The data:

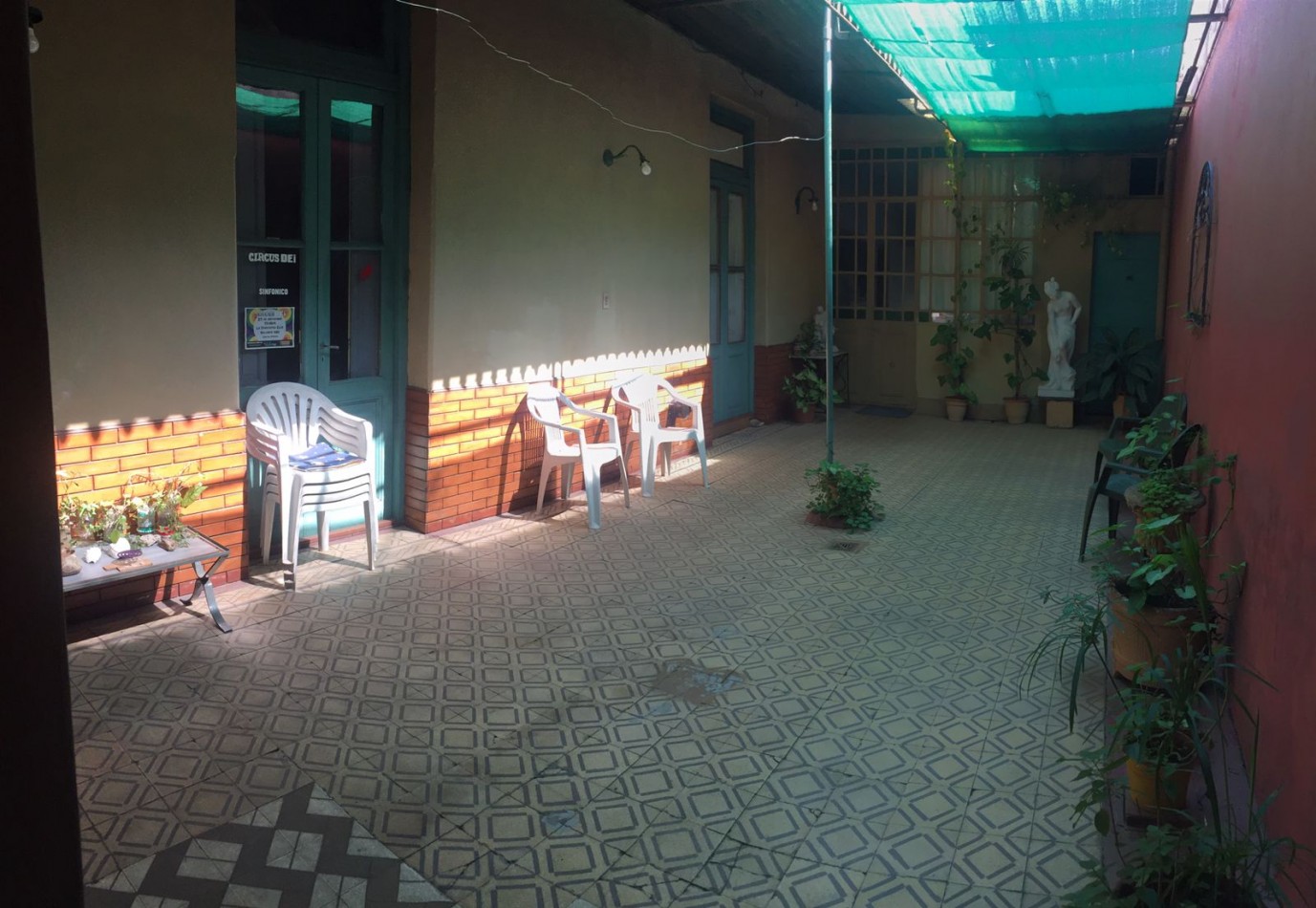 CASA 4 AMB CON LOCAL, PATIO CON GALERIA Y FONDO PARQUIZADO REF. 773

==

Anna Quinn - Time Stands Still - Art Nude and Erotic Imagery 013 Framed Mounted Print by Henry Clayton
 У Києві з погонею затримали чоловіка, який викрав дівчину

--

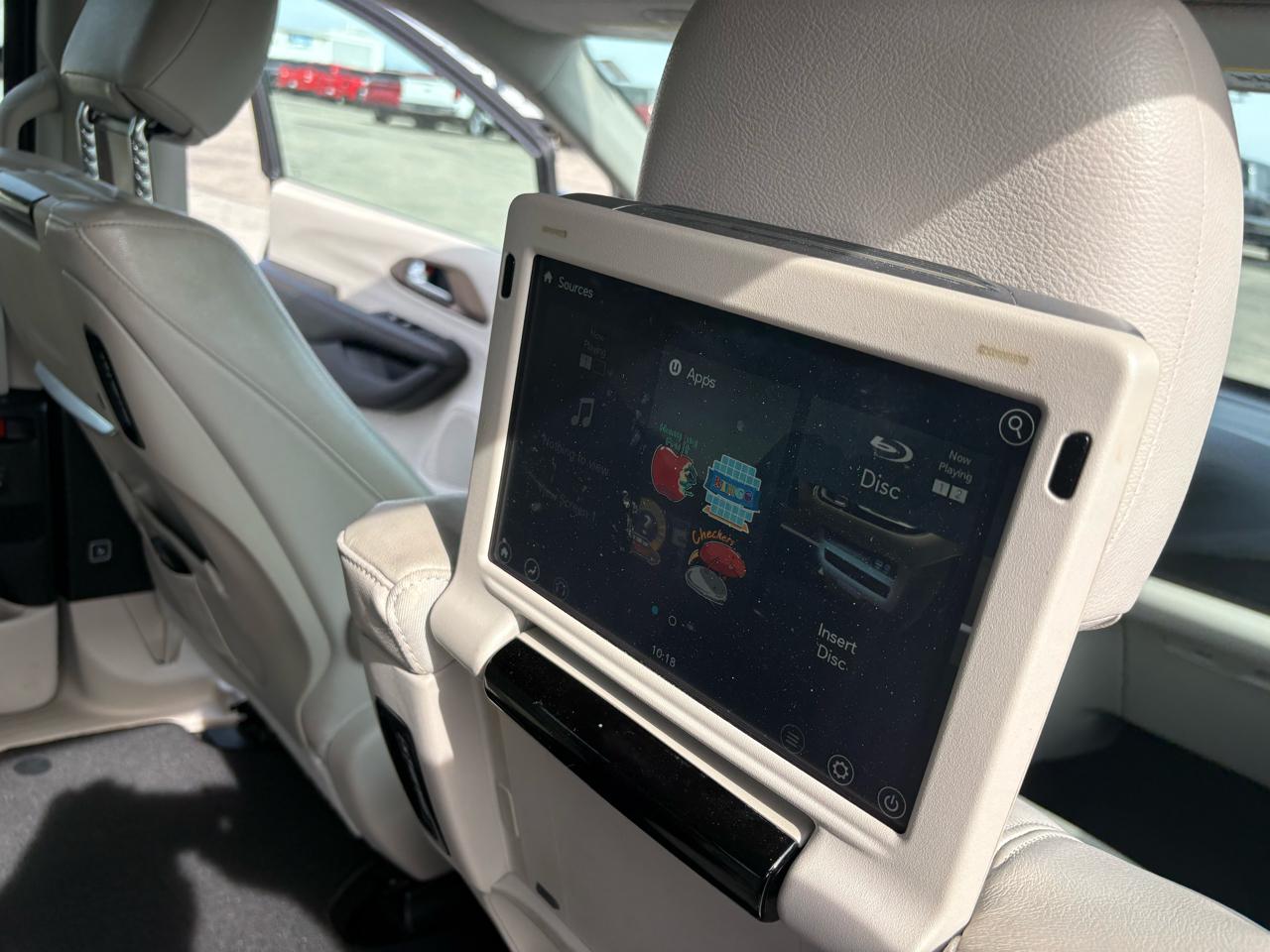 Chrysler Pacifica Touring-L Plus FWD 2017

Problem to work on:
Output the lines above between the one holding "Anna Quinn - Time" and the one holding "У Києві з погонею", inclusive, with nothing before or after them.

Result of the task:
Anna Quinn - Time Stands Still - Art Nude and Erotic Imagery 013 Framed Mounted Print by Henry Clayton
 У Києві з погонею затримали чоловіка, який викрав дівчину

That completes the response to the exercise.